The composition of the obtained dispersion is such as to have 100 mg of
surfactant S2 per gram of polymer.
Example 3
Example 1 was repeated by utilizing the same latex, by substituting the
aqueous solution of non ionic surfactant S1 with 34 g of a 20% by weight
aqueous solution of the ammonium salt of a carboxylate having a structure
and end group similar to S2, but having an average molecular weight of
530.
The surfactant employed in Example 3 is defined as S3.
The composition of the obtained dispersion is such as to have 100 mg of
surfactant S3 per gram of polymer.
Example 4
A PTFE latex prepared according to the polymerization process in
microemulsion according to U.S. Pat.

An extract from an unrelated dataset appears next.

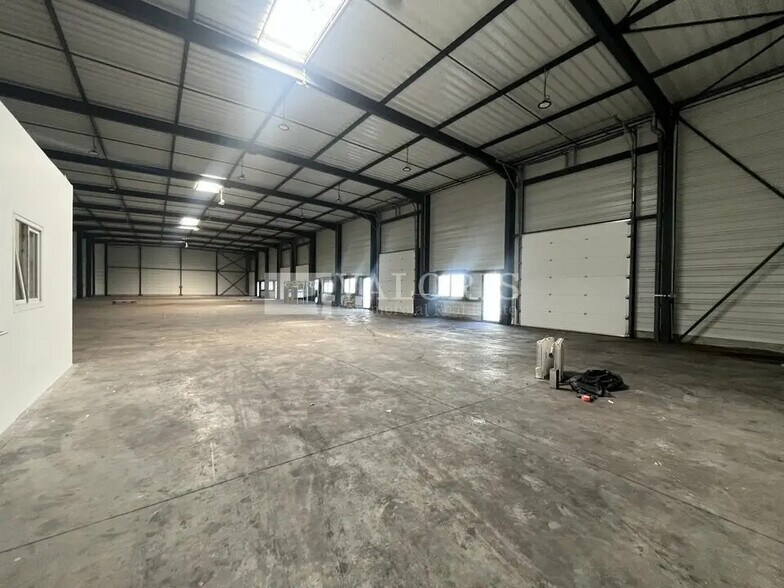 117 Rue De L'Industrie, Montmerle-sur-Saône à louer - Photo de l’immeuble – Image 2 sur 6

No. 4,864,006 was used.
The polymer content in the latex was of 14.4% by weight and the particles
had an average diameter of 70 nm.
216 g of latex were treated as in Examples 1-3. The final gel phase, at pH
7, had a polymer content of 17.6% by weight.
The gel phase was additived with 37.2 g of a 25% aqueous solution of the
non ionic surfactant S1 defined above, so as to have 300 mg of surfactant
per gram of polymer, obtaining a dispersion in aqueous phase of polymer
particles aggregates with average diameter lower than 400 nm, with wide
dimensional distribution which comprises also the 70 nm primary particles.
Example 5
A PTFE latex prepared by polymerization in aqueous dispersion according to
U.S. Pat. No. 4,789,617 was utilized without using the perfluoropolyether.
The latex was formed by particles of the same diameter of about 0.2 micron
and had a concentration of dry powder of 27.2% by weight.
300 g of latex were treated as in Examples 1-3. The final gel phase, at pH
7.5, had a polymer content of 37.5% by weight.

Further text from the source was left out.